There were days Lady Nan’s hourglass was encrusted with frost too hot to touch.

Lady Nan had been determined to dream her life away but was forced to rally from her self-imposed retirement by Snow. Double duty called. The Hall and her family were in trouble. Her son-in-law was missing from his dig in Egypt and her daughter was unable to cope.

The Hall’s priority was to convince its recalled matriarch to prepare her twin grandchildren for a time sensitive mission and save it from being sold. Its follow-up missions were, simply stated, overwhelmingly cosmic: to fulfill an ancient prophecy, rescue its resident child ghost, and save the planet. Privilege doesn’t get more dangerous than balancing precariously at the far most edge of an ancient curse. And so, Lady Nan recruited her enchanted childhood toys to unlock the past. She mobilized the twins at odds over logic and metaphysics, a group of twice-born villagers, the Great Sphinx of Egypt, and a royal line of sentient cats. But as Kit and Bash fought increasing feelings of sibling rivalry, supernatural events caused them to be separated by 5,000 miles, valiantly listening for each other through 5,000 years of static.

IF TIME STANDS STILL ANYWHERE, IT’S IN BEDE; IF GHOSTS HAUNT ANYWHERE, IT’S IN BEDE HALL!

Remember… when you experience Bede, YOU ARE ALWAYS TWELVE or thirteen or sixteen or impossibly old.

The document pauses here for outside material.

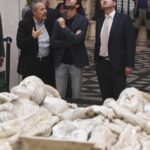 José Tomás visita la catedral de Burgos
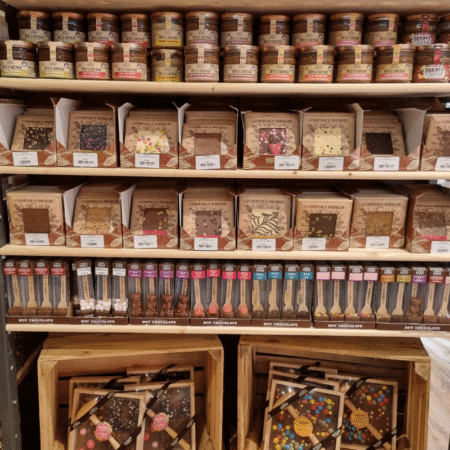 Chocolats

I leave you with a poem by A.A. Milne written for ‘Now We Are Six’

When I was One,
I had just begun.
When I was Two,
I was nearly new.
When I was Three
I was hardly me.
When I was Four,
I was not much more.
When I was Five, I was just alive.
But now I am Six, I’m as clever as clever,
So, I think I’ll be six for ever and ever.”

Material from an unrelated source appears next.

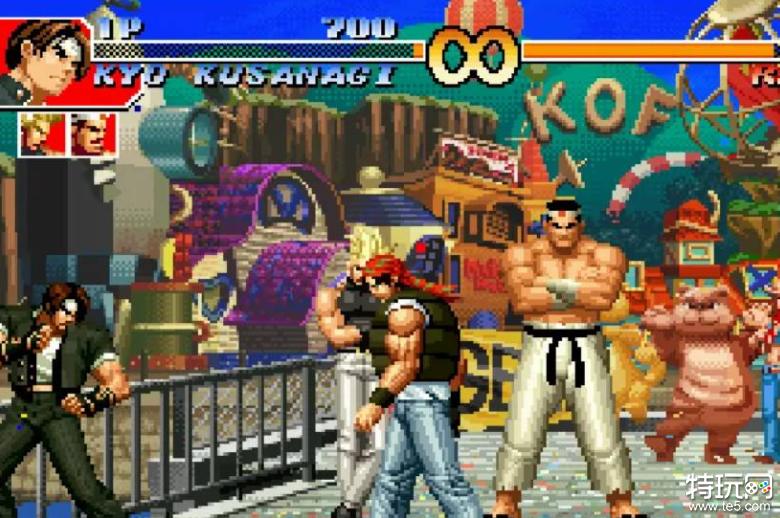 拳皇97街机怎么调训练模式,拳皇97训练模式设置 拳皇97街机怎么调训练模式,拳皇97训练模式设置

friends always face heffalumps together

I felt inspired to add my own stanza to A.A. Milne’s verse:

But now that I’m older

And become so much bolder,

I’m beginning to delve

Into stories that thrill me

As if I were twelve.

Christmas is the perfect time to be a child. I hope the twelve-year-old-you will be as thrilled to time travel to Ancient Egypt as I was.

Thank you for playing make-believe across the miles, from my imagination to yours.